Where possible, use the shared reflector from the unstable-runtime feature to let multiple controllers share the same watch.
Leader election
In HA deployments, only one instance among multiple should be active. For details on leader election mechanisms, third-party crates, and shutdown coordination, see Availability.
Scaling Strategies
Covers expansion strategies for when the throughput of a single instance is insufficient.
Vertical Scaling
This is the first approach to try. Since reconciles are inherently parallel, increasing CPU/memory improves throughput.
| Adjustment | Effect |
|---|---|
| Increase CPU request/limit | Increases reconciler concurrent execution capacity |
| Increase memory | Accommodates Store cache + re-list spikes |
Increase Config::concurrency(N) | Scales the number of concurrent reconciles |
The limit of vertical scaling is the event throughput that a single watcher can handle.
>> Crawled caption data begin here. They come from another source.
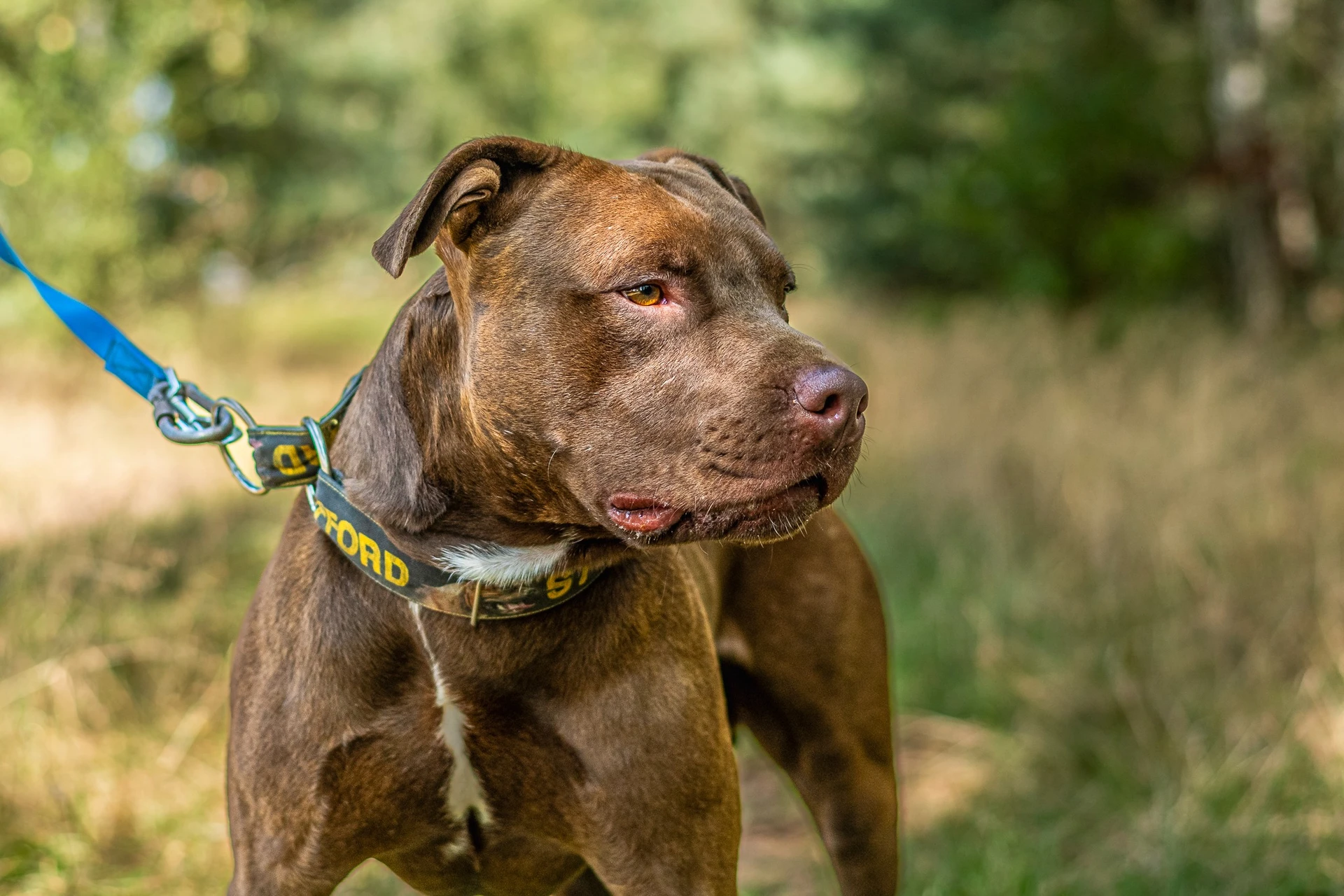 Amstaffy bawią się wspólnie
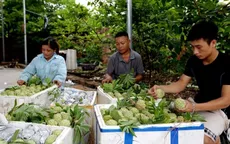 Hướng dẫn xây dựng Chương trình quốc gia "Mỗi xã một sản phẩm"
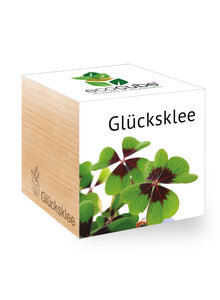 Produktbild fr 'ECOCUBE GLCKSKLEE'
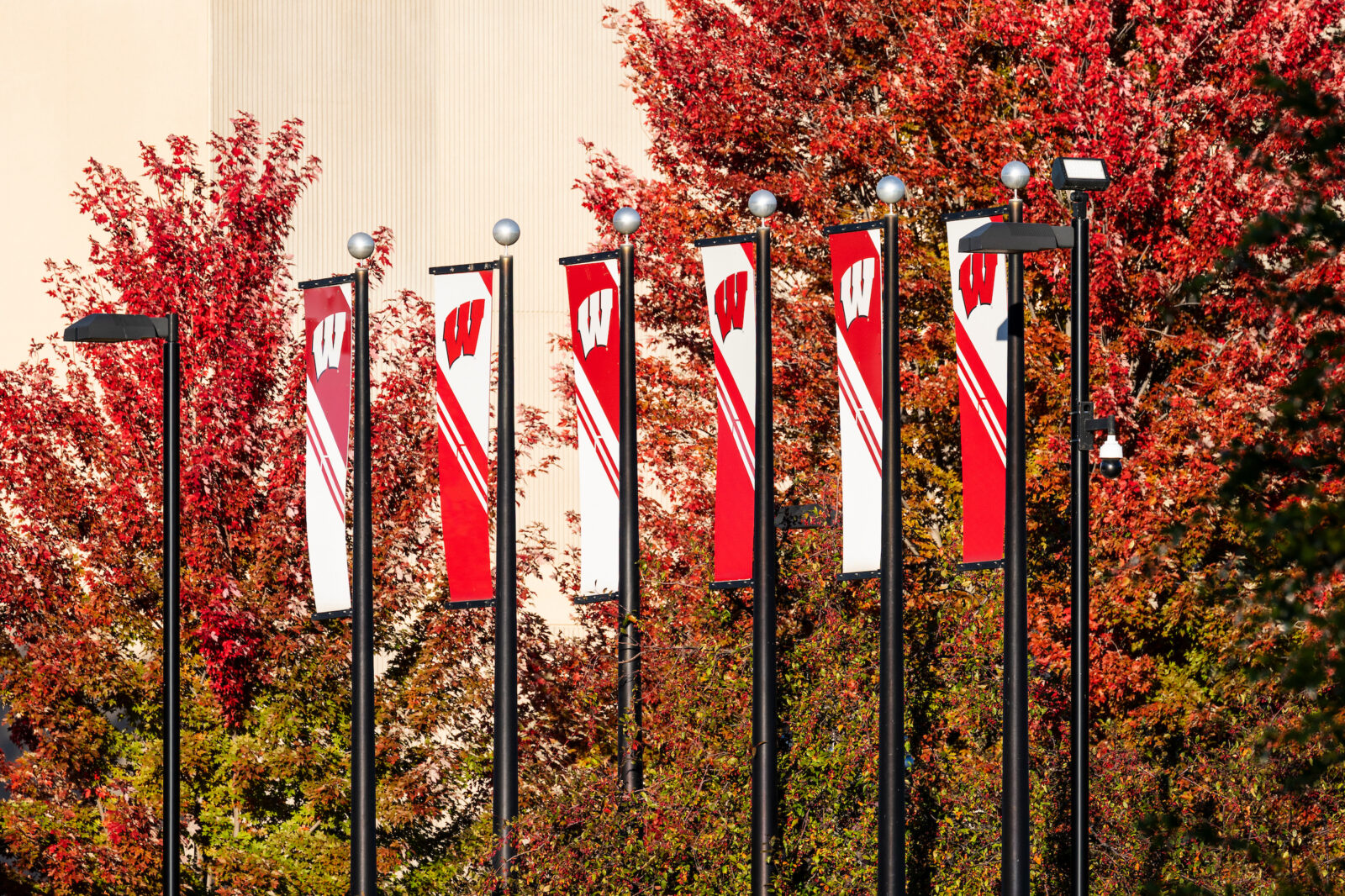 A row of Motion W flags outside the entrance to Kohl Center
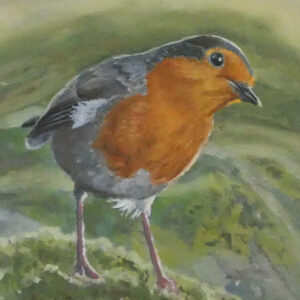 Bright orange robin breast on branch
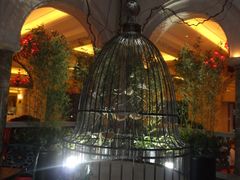 -深圳东部华侨城茵特拉根酒店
If the throughput of a single watch connection becomes the bottleneck, switch to sharding.
Explicit Sharding
Distributes resources across multiple controller instances. Each instance watches only its assigned scope.
Namespace-based Sharding
The simplest approach. Each instance handles a different namespace:
// Determine the assigned namespace via environment variable
let ns = std::env::var("WATCH_NAMESPACE").unwrap_or("default".into());
let api = Api::<MyResource>::namespaced(client, &ns);
Label-based Sharding
A pattern used by FluxCD. Assign shard labels to resources, and each instance watches only its corresponding label:
// label selector per shard
let shard_id = std::env::var("SHARD_ID").unwrap_or("0".into());
let wc = watcher::Config::default()
.labels(&format!("controller.example.com/shard={}", shard_id));
| Strategy | Pros | Cons |
|---|---|---|
| Namespace-based | Simple implementation, natural isolation | Depends on number of namespaces |
| Label-based | Flexible distribution | Requires label management, duplicate reconciles during redistribution |
Combining leader election with each shard achieves both HA and horizontal scaling simultaneously. For details, see Availability — Elected Shards.